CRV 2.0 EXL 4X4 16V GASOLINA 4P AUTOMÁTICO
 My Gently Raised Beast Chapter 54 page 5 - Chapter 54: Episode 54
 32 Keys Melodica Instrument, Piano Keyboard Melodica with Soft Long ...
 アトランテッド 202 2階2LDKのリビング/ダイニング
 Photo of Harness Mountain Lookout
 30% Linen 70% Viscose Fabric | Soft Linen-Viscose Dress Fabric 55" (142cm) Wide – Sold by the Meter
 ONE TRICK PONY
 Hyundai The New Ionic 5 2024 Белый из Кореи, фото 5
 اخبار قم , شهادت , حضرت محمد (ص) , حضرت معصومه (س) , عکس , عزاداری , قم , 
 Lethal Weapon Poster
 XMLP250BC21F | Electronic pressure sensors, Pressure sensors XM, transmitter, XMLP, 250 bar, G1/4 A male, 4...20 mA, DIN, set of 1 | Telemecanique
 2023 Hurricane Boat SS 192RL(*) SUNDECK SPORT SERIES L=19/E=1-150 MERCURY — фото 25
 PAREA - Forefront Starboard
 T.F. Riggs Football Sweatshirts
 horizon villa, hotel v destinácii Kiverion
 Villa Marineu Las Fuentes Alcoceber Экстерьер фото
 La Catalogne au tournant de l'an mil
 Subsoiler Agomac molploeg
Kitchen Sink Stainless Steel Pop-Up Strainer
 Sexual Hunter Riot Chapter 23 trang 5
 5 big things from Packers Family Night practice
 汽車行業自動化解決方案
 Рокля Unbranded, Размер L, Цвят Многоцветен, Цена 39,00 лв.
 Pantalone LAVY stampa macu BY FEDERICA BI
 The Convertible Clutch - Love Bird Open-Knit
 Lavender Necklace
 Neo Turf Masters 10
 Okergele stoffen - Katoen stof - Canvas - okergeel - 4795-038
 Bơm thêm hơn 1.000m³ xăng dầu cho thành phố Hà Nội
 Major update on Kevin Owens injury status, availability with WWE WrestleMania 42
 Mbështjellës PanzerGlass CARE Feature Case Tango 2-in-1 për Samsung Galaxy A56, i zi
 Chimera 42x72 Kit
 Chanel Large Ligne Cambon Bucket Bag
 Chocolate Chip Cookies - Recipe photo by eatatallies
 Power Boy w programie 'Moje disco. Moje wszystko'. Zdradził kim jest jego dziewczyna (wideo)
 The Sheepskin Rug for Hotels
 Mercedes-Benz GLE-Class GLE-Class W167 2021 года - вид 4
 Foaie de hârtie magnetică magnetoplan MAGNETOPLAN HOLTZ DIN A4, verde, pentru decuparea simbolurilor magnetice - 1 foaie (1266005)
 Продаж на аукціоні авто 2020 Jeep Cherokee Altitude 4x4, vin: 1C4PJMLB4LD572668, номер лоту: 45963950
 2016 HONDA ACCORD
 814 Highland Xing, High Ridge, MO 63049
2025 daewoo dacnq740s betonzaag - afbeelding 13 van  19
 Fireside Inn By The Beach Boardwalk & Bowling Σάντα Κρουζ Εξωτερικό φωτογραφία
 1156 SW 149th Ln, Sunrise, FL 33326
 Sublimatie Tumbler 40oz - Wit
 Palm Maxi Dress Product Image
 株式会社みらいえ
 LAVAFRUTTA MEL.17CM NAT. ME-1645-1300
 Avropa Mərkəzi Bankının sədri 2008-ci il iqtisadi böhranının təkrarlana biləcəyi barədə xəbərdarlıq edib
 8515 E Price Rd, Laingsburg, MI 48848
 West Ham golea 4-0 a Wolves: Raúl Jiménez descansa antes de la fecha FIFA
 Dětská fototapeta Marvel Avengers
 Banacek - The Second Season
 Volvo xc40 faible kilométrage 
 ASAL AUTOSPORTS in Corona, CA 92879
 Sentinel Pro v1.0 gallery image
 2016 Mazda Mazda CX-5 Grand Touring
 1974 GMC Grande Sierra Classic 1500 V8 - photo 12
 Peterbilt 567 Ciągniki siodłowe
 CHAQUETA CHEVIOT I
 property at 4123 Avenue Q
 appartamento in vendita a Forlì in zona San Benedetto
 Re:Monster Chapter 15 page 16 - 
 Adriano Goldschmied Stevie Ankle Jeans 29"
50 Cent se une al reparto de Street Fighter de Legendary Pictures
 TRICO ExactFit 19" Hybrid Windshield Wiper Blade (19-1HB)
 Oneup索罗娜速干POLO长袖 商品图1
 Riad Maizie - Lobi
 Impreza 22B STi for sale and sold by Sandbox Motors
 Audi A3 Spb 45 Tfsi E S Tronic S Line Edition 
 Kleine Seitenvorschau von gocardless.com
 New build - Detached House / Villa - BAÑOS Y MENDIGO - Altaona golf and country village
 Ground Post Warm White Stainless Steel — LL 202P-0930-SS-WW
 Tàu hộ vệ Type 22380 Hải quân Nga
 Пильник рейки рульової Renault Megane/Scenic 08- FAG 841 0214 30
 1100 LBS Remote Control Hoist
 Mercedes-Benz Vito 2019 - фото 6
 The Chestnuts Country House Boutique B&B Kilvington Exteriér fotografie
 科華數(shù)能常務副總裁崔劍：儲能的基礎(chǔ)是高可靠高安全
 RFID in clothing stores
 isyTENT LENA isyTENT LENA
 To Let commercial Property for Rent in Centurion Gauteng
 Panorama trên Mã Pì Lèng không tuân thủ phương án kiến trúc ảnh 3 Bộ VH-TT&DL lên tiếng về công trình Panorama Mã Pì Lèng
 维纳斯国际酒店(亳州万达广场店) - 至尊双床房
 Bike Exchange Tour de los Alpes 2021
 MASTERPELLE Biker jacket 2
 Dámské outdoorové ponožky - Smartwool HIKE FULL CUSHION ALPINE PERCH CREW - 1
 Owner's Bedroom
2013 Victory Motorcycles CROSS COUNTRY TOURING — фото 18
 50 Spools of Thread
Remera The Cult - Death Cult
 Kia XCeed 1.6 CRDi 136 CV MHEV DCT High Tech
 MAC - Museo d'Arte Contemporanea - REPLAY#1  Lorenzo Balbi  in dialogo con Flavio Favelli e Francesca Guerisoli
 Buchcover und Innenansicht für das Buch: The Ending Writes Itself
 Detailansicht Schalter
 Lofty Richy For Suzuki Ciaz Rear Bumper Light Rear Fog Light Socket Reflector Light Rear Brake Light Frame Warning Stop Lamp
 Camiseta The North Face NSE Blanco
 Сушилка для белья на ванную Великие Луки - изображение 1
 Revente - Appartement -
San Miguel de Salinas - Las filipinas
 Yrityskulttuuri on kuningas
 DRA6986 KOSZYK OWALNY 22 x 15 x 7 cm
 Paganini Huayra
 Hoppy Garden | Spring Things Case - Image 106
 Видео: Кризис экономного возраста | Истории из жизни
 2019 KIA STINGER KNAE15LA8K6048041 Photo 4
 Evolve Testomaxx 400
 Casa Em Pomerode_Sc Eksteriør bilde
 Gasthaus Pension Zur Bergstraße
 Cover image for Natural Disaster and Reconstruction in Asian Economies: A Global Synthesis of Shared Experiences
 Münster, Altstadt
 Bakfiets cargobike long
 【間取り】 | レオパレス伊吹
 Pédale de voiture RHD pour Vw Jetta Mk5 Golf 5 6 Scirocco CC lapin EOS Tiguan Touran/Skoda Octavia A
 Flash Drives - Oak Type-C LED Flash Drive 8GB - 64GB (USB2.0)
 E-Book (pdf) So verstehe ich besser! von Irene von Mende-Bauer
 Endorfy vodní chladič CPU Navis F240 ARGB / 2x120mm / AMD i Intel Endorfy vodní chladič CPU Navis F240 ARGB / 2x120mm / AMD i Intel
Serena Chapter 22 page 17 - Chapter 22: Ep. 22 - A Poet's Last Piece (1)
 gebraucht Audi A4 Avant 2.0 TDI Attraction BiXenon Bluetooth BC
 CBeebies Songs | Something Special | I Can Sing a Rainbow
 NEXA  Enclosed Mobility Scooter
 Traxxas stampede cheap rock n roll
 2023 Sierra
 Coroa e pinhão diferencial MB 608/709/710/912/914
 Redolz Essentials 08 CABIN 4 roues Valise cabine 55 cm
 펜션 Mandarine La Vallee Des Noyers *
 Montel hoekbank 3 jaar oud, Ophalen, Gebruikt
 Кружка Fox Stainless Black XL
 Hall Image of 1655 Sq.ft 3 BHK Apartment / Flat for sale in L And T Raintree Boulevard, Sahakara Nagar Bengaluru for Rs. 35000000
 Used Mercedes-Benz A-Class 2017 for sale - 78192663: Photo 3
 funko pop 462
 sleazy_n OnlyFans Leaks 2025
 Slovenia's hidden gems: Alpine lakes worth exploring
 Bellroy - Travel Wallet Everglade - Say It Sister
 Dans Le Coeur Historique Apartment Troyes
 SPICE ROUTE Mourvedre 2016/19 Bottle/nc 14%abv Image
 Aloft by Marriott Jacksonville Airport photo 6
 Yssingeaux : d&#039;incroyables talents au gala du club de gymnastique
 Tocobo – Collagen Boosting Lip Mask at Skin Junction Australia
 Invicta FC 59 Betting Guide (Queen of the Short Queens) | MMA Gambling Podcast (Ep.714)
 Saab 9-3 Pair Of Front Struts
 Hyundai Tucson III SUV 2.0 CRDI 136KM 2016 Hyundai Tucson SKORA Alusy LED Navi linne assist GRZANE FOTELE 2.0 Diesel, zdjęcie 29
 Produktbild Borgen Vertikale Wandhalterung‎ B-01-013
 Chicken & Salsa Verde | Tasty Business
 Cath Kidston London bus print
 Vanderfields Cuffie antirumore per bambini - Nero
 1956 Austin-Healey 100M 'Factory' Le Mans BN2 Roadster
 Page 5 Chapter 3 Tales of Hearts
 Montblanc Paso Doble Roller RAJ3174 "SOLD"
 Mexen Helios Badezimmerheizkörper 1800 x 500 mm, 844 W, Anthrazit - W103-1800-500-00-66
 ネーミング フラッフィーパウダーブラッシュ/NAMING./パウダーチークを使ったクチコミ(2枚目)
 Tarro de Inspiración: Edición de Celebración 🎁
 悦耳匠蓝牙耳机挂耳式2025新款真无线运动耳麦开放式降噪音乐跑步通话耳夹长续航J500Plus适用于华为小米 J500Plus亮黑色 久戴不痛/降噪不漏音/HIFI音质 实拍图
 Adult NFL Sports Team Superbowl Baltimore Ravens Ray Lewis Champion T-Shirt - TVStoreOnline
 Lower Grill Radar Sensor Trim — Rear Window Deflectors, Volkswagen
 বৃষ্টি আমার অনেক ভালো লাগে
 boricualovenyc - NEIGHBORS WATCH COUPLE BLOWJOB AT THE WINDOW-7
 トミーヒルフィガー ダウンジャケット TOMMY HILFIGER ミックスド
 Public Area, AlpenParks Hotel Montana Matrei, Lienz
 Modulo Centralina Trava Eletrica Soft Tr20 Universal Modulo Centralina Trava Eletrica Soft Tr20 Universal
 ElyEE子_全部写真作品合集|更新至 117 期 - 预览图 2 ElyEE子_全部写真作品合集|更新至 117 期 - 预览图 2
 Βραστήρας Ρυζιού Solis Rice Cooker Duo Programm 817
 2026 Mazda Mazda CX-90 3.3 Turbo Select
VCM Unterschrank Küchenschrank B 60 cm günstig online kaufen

* **WHAT IS BEING ASKED**
Exactly the lines above from the one with "Рокля Unbranded, Размер" to the one with "Banacek - The Second Season", both included, are to be quoted; leave the rest out.

* **SOLUTION TO THIS EXERCISE**
 Рокля Unbranded, Размер L, Цвят Многоцветен, Цена 39,00 лв.
 Pantalone LAVY stampa macu BY FEDERICA BI
 The Convertible Clutch - Love Bird Open-Knit
 Lavender Necklace
 Neo Turf Masters 10
 Okergele stoffen - Katoen stof - Canvas - okergeel - 4795-038
 Bơm thêm hơn 1.000m³ xăng dầu cho thành phố Hà Nội
 Major update on Kevin Owens injury status, availability with WWE WrestleMania 42
 Mbështjellës PanzerGlass CARE Feature Case Tango 2-in-1 për Samsung Galaxy A56, i zi
 Chimera 42x72 Kit
 Chanel Large Ligne Cambon Bucket Bag
 Chocolate Chip Cookies - Recipe photo by eatatallies
 Power Boy w programie 'Moje disco. Moje wszystko'. Zdradził kim jest jego dziewczyna (wideo)
 The Sheepskin Rug for Hotels
 Mercedes-Benz GLE-Class GLE-Class W167 2021 года - вид 4
 Foaie de hârtie magnetică magnetoplan MAGNETOPLAN HOLTZ DIN A4, verde, pentru decuparea simbolurilor magnetice - 1 foaie (1266005)
 Продаж на аукціоні авто 2020 Jeep Cherokee Altitude 4x4, vin: 1C4PJMLB4LD572668, номер лоту: 45963950
 2016 HONDA ACCORD
 814 Highland Xing, High Ridge, MO 63049
2025 daewoo dacnq740s betonzaag - afbeelding 13 van  19
 Fireside Inn By The Beach Boardwalk & Bowling Σάντα Κρουζ Εξωτερικό φωτογραφία
 1156 SW 149th Ln, Sunrise, FL 33326
 Sublimatie Tumbler 40oz - Wit
 Palm Maxi Dress Product Image
 株式会社みらいえ
 LAVAFRUTTA MEL.17CM NAT. ME-1645-1300
 Avropa Mərkəzi Bankının sədri 2008-ci il iqtisadi böhranının təkrarlana biləcəyi barədə xəbərdarlıq edib
 8515 E Price Rd, Laingsburg, MI 48848
 West Ham golea 4-0 a Wolves: Raúl Jiménez descansa antes de la fecha FIFA
 Dětská fototapeta Marvel Avengers
 Banacek - The Second Season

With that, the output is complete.